Gli investigatori hanno stretto il cerchio intorno al 31enne di origini maliane Moussa Sangare, cittadino italiano di seconda generazione ora indagato per l’omicidio e accusato di aver agito con premeditazione. Era stato già denunciato dai suoi familiari per maltrattamenti. Poco tempo prima di uccidere Sharon Verzeni, avrebbe minacciato con un coltello la sorella e i vicini di casa lo descrivono come un soggetto di cui avere paura.

Omicidio Sharon Verzeni, oggi l’interrogatorio a carico di Moussa Sangare

È atteso per oggi l’interrogatorio di garanzia a carico di Moussa Sangare. Il giovane, che per un mese avrebbe tentato di depistare le indagini, è chiamato a rispondere davanti agli inquirenti dopo la prima serie di ammissioni rese a margine del fermo di indiziato di delitto per l’omicidio di Sharon Verzeni. 

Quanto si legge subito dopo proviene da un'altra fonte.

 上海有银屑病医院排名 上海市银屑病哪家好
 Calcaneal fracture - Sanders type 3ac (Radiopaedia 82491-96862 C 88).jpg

In un passaggio della sua confessione avrebbe dichiarato di averla colpita dopo averla vista camminare per strada, la notte tra il 29 e il 30 luglio scorsi a Terno d’Isola, con le cuffiette “e guardava le stelle in cielo“. Non un movente dietro l’orrore: Sangare avrebbe detto di aver agito dopo essere uscito di casa con il chiodo fisso di accoltellare qualcuno, ossessione che emergerebbe dal ritrovamento di una sagoma in cartonato, nell’abitazione che aveva occupato abusivamente dopo essere stato allontanato dai parenti, con evidenti segni di una lama. L’ipotesi è che il presunto omicida di Sharon Verzeni si stesse “allenando” a sferrare coltellate mortali. Nel suo percorso di quella sera avrebbe incrociato prima due minorenni che, dopo essere stati minacciati, sarebbero riusciti a scappare. Poi la 33enne, che dopo il primo fendente gli avrebbe chiesto “Perché?“.

La Procura di Bergamo, che confida in una testimonianza dei due ragazzi per aggiungere ulteriori riscontri a quanto già acquisito a carico dell’indagato, ha lanciato un appello perché si facciano avanti e dicano cosa hanno vissuto ed eventualmente visto quella notte. Il quadro di elementi che grava sulla posizione di Sangare è appesantito dalla contestazione della premeditazione. Secondo chi indaga, era uscito di casa con l’intento di uccidere – scegliendo a caso la sua vittima – portando con sé non uno, ma ben 4 coltelli. È stato il suo racconto a portare gli investigatori al ritrovamento di quella che potrebbe essere l’arma del delitto, un grosso coltello da cucina sepolto vicino all’argine dell’Adda ora sottoposto agli accertamenti del RIS. Nel fiume, i sommozzatori avrebbero inoltre individuato e recuperato un sacchetto contenente degli indumenti riconducibili all’indagato.